And the next day, October 19, he followed up with:
"If you look at the recessions that have taken place in the past that were induced by the Federal Reserve - the biggest being in 1981 by Paul Volcker. Those recoveries can be very fast. So those do not suggest an '08-type recovery where it takes 10 years. Those bounce-backs can be very, very quick. You get inflation down, then you normalize monetary policy, and then the economy can boom again. There's a lot of uncertainty, and the lags make this very complicated. But the cost of not tackling inflation, in my mind, is an unacceptable cost."

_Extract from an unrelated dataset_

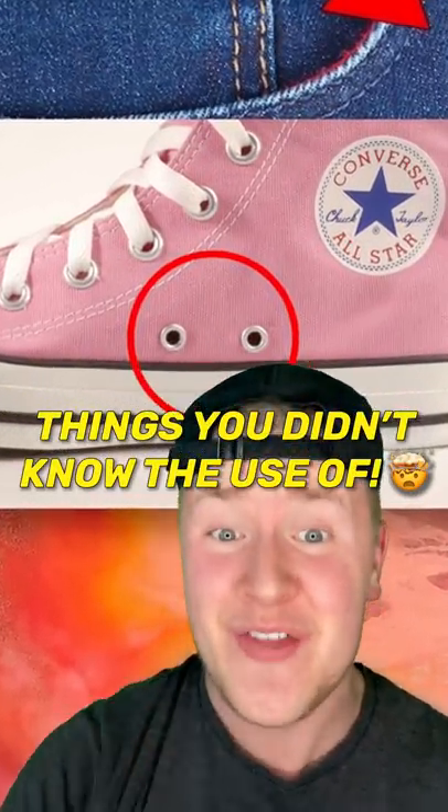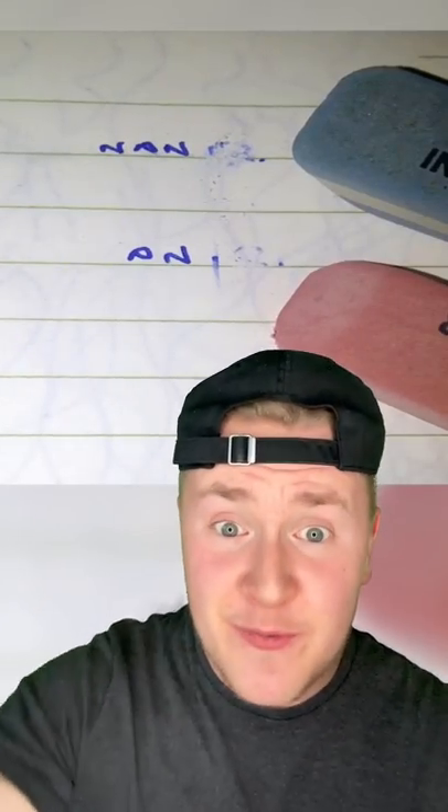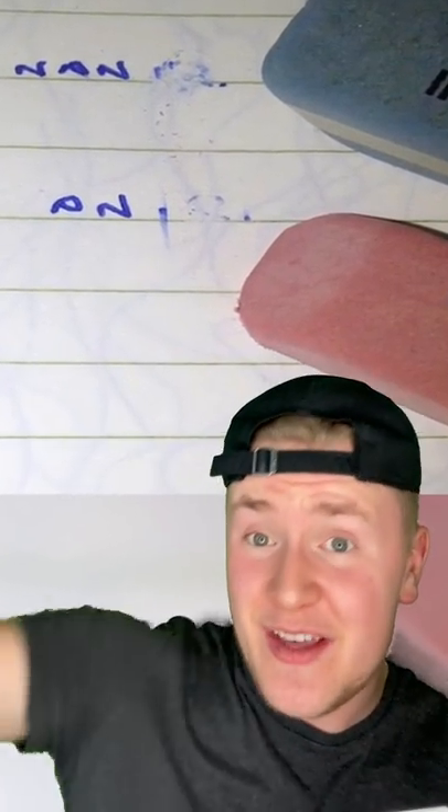Here are four things you didn't know the use of. Number one, the blue side of an eraser. Now you've probably heard this is for erasing pen marks, but it's actually meant for erasing shavings left over from the red side.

Look for Kashkari's line of thinking to become central to Fed communication strategy in the wake of Powell's speech on November 30, along lines of: "We need a downturn to kill inflation, but history suggests it will be quick and will set the economy up for well-balanced growth over the long-term."
Fast forward to November 15, Dudley penned one of his longer Bloomberg op-eds (see attached) this year detailing the "inevitability" of recession:
"Why do I believe a recession is unavoidable? To start, the Fed is committed to bringing inflation down to its 2% annual rate target. Powell made it clear in his remarks at the Jackson Hole conference in August that this goal was 'unconditional.'"

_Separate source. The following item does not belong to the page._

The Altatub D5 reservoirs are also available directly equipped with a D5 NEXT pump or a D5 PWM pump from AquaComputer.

"To bring inflation down to 2%, the Federal Open Market Committee will have to push up the unemployment rate substantially [to 4.5-5% from 3.7% currently]. The labor market is much too tight to be consistent with a stable or declining underlying inflation rate."
"During the postwar period, every time the unemployment rate has risen by 0.5 percentage point or more, the US economy has fallen into recession. The difficulty of engineering a soft landing is underscored by the fact that there are no examples of an unemployment rate rising between 0.5 and 2 percentage points from trough to peak at all. Once the unemployment rate has moved up modestly, it's hard to stop."
"...the Fed's task will be made difficult by uncertainty about whether it has done enough. How high do short-term interest rates need to go to push the unemployment rate above the rate consistent with stable inflation? How long does such an unemployment rate need to be elevated to bring inflation back down to 2%? Because, at the margin, the negative consequences of doing too little exceed the negative consequences of doing too much, this means that monetary policy will likely ultimately be kept too tight for too long."
The day after Dudley, November 16, came Kansas City Fed President Esther George:
"I’m looking at a labor market that is so tight, I don’t know how you continue to bring this level of inflation down without having some real slowing, and maybe we even have contraction in the economy to get there."
Then lastly, on November 23 the FOMC November meeting minutes detailing how the Fed's staff of economists project the risk of recession "as almost as likely as the baseline" scenario:
"The staff...continued to judge that the risks to the baseline projection for real activity were skewed to the downside and viewed the possibility that the economy would enter a recession sometime over the next year as almost as likely as the baseline."
Don't fight the Fed: recession is upon us.
A quick P.S. on the "War on Inflation" section. As you can see at the top of this write-up, its construction started back on November 22. The War on Inflation section was completed on November 27, and the next day, November 28, NY Fed President John Williams gave a speech forecasting a "hard landing" (see attached):
"...the pain is not felt equally. The data show that those who can least afford the rise in costs for food, housing, and transportation suffer the most.3 The priority for monetary policy is clear. The Federal Reserve is strongly committed to bringing inflation back down to its 2 percent longer-run goal."
"The labor market remains remarkably tight: Hiring is robust, and we still are seeing rapid wage gains. But with growth slowing, I anticipate that the unemployment rate will climb from its current level of 3.7 percent to between 4-1/2 and 5 percent by the end of next year."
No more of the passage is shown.